Em discurso, Platiny que é vice-presidente da Comissão de Segurança Pública da Assembleia Legislativa, lembrou que “as gorduras” encontradas nos contratos, vêm sendo denunciadas por ele, ao longo dos últimos três anos.

“Há muita ‘gordura’ dentro desses contratos, pois a tecnologia embargada que é contratada desde 2012 não funciona. Até quando pagaremos por isso? Estamos denunciando desde 2015 e nada vinha sendo feito. O TCE está de parabéns por essa movimentação”, ressaltou.

Em decisão monocrática, o auditor e conselheiro substituto do TCE-AM, Alípio Reis Firmo Filho, decidiu suspender o edital de Pregão Eletrônico nº 321/2018, da CGL, no valor estimado de R$ 20,5 milhões.

O processo era para a contratação de empresa de locação de veículos, tipo viaturas policiais, caracterizadas, modelo caminhonete, plataformas policiais móveis integradas, com equipamentos embarcados, para atender às ações nas companhias interativas comunitárias da Secretaria de Estado de Segurança Pública (SSP), na capital e Região Metropolitana.

“Diante dos fatos, tomaremos as devidas providências no âmbito legislativo. Não esqueceremos essa situação, até que tudo seja feito da maneira correta, sem que haja qualquer prejuízo aos erários”, explicou.

Entenda o caso

A medida cautelar do TCE-AM atendeu a uma representação da empresa Kaele LTDA., que apontou indícios de irregularidades na licitação. O presidente da CGL, Victor Fabian Soares Cipriano, já foi notificado da decisão e tem 24 horas para suspender o certame, que está em curso, sob pena de multa.

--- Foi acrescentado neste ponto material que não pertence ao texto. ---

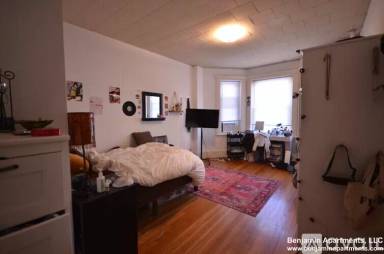 Main picture of 28 Westland Ave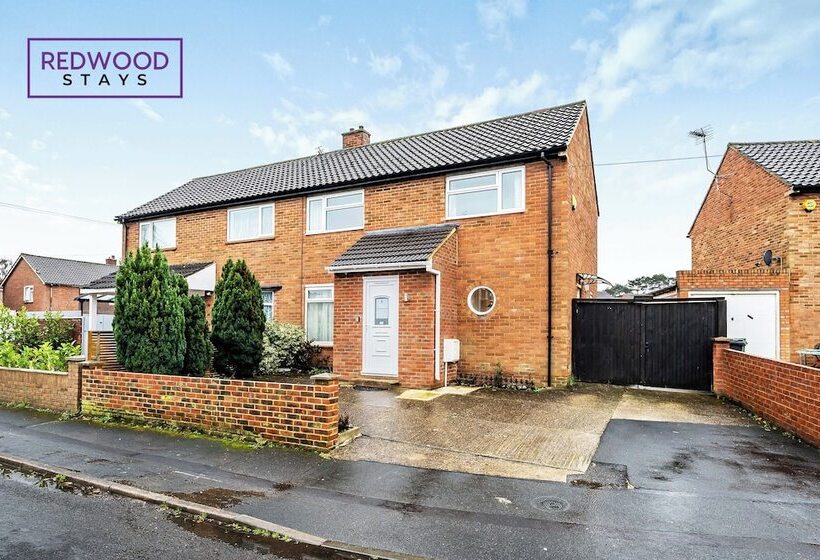 بنسيون Kingston Road House By Redwood Stays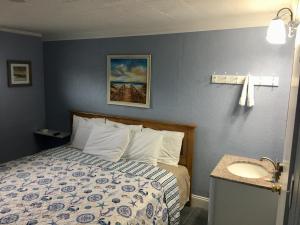 Superior King Suite room in Seagrass Inn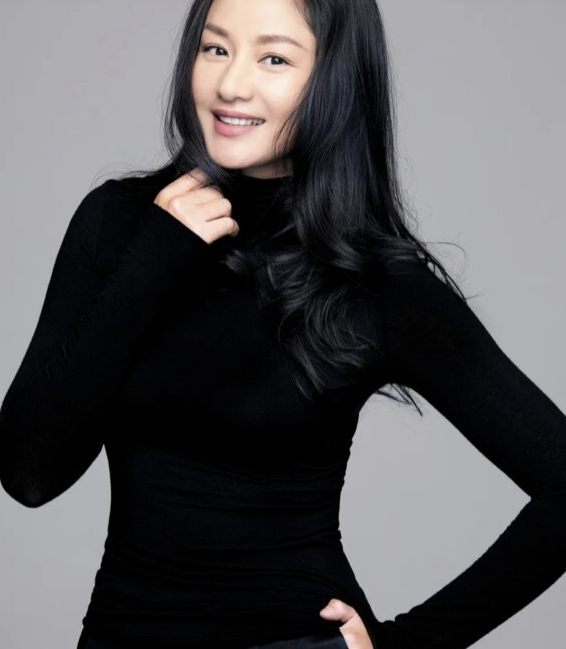 提起瞿颖可能我们最先想到的是九十年代她走T台的样子
那时候她高挑的身形、利落的步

Em seu despacho, o auditor Alípio Filho, afirmou que o edital, da forma como está, induz ao direcionamento da licitação, situação vedada pelo artigo 3º, §1º, inciso I, da Lei Federal nº 8.666/93, quando, por exemplo, salienta as “preferências ou distinções em razão da naturalidade, da sede ou domicílio dos licitantes ou de qualquer outra circunstância impertinente ou irrelevante para o específico objeto do contrato”.

Além disso, segundo o auditor, diversas impropriedades do edital consubstanciam violação ao devido processo legal licitatório, contraditório e ampla defesa, uma vez que não apresentou decisão fundamentada, apenas apresentou respostas genéricas às impugnações realizadas pelo requerente, sem falar do receio real de lesão ao erário e ao interesse público.